Article 61 of the Constitution, in so far as relevant, provides:

“1. Each citizen shall have the right to obtain information on the activities of organs of public authority as well as persons discharging public functions. Such right shall also include the obtaining of information on the activities of self-governing economic or professional organs, and other persons or organisational units, relating to the field in which they perform the duties of public authorities and manage municipal assets or property of the State Treasury.

2. The right to obtain information shall encompass the right of access to documents and entry to sittings of collective organs of public authority formed by universal suffrage, with the opportunity to make sound and visual recordings.

3. Limitations upon the rights referred to in paragraphs 1 and 2 above may be imposed by statute solely to protect the freedoms and rights of other persons ... public order, security, or important economic interests of the State.”

Pursuant to the Rules of Procedure of the Sejm of 30 July 1992, members of the public may watch the Sejm debates from the public gallery in accordance with the rules specified by the Speaker of the Sejm.

On 9 January 2008 the Speaker of the Sejm issued an ordinance on access to buildings managed by the Chancellery of the Sejm and access and entry to the grounds under the management of the Chancellery of the Sejm ( w sprawie wstępu do budynków pozostających w zarządzie Kancelarii Sejmu oraz wstępu i wjazdu na tereny pozostające w zarządzie Kancelarii Sejmu ).

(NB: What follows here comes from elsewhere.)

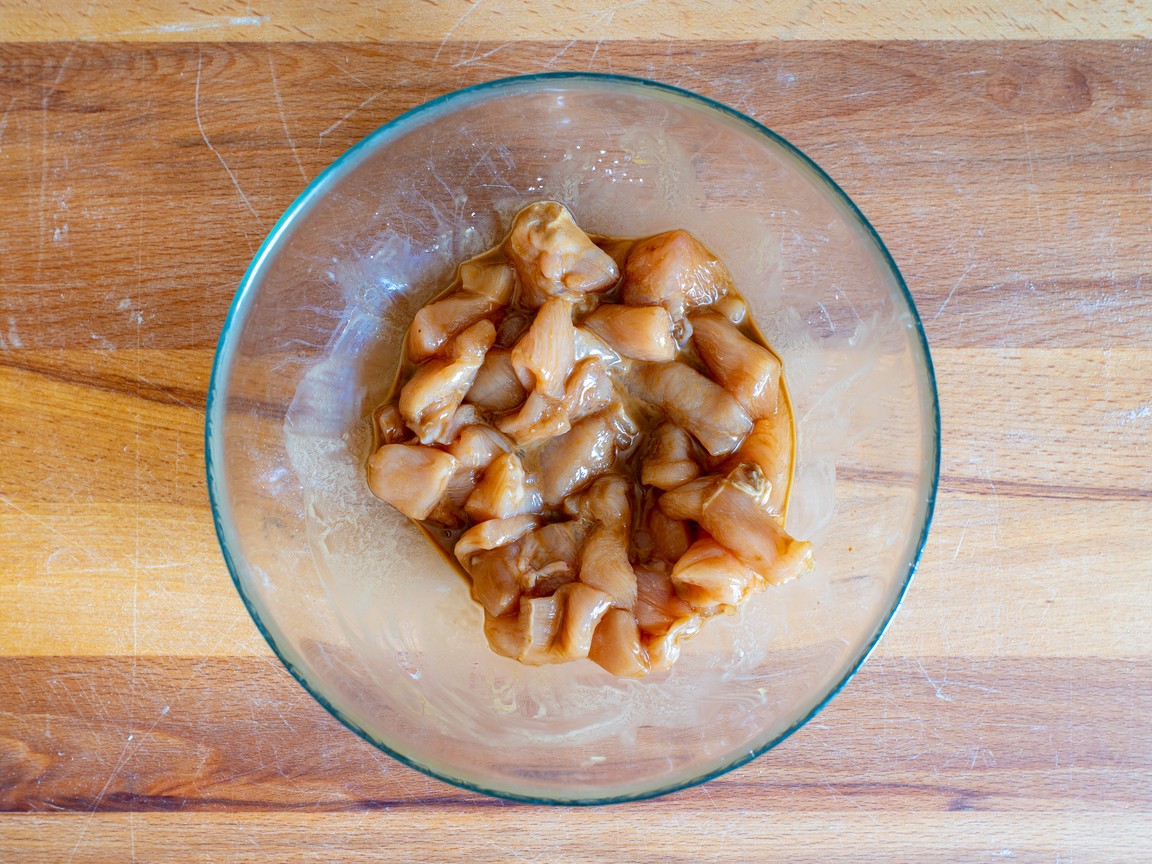 Pollo con anacardi e peperoni - passo 1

The ordinance provides that for valid reasons, namely to maintain order and guarantee safety, the Head of the Parliament Security Service may temporarily ban access to the Sejm buildings and grounds. In particular, this may occur if the person concerned does not respect the internal regulations, disturbs order or undermines the dignity of the Sejm.

COMPLAINTS

1. The applicants complain that the restrictions imposed on their access to the Sejm buildings constitute a breach of their rights guaranteed by Article 10 of the Convention.

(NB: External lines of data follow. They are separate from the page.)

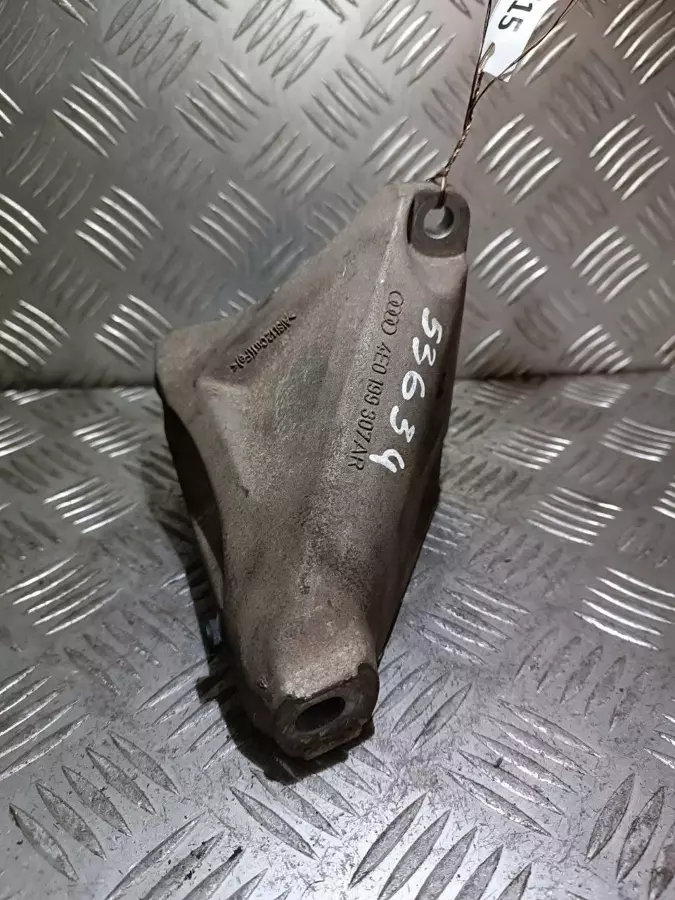 Кронштейн двигателя к Audi A8 2004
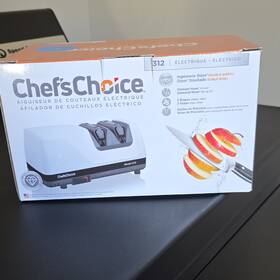 C317621 Chefschoice 312 Electric Knife Sharpener 2-step Diamond Hone White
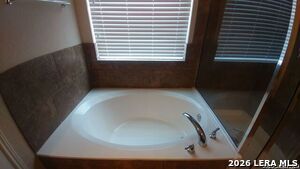 8206 Taft Creek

2. They further maintain, relying on Articles 6, 10 and 13 of the Convention, that they did not have an effective remedy in respect of their complaints under Article 10 of the Convention.

QUESTIONS TO THE PARTIES

1. Has there been an interference with the applicants ’ freedom of expression and/or peaceful assembly within the meaning of Article 10 § 1 and/or Article 11 § 1 of the Convention?

2. If so, was that interference justified unde r Article 10 § 2 and/or Article 11 § 2 of the Convention (compare, Tatár and Fáber v. Hungary , nos. 26005/08 and 26160/08, 12 June 2012 and Selmani and Others v. the former Yugoslav Republic of Macedonia , no. 67259/14, 9 February 2017 )?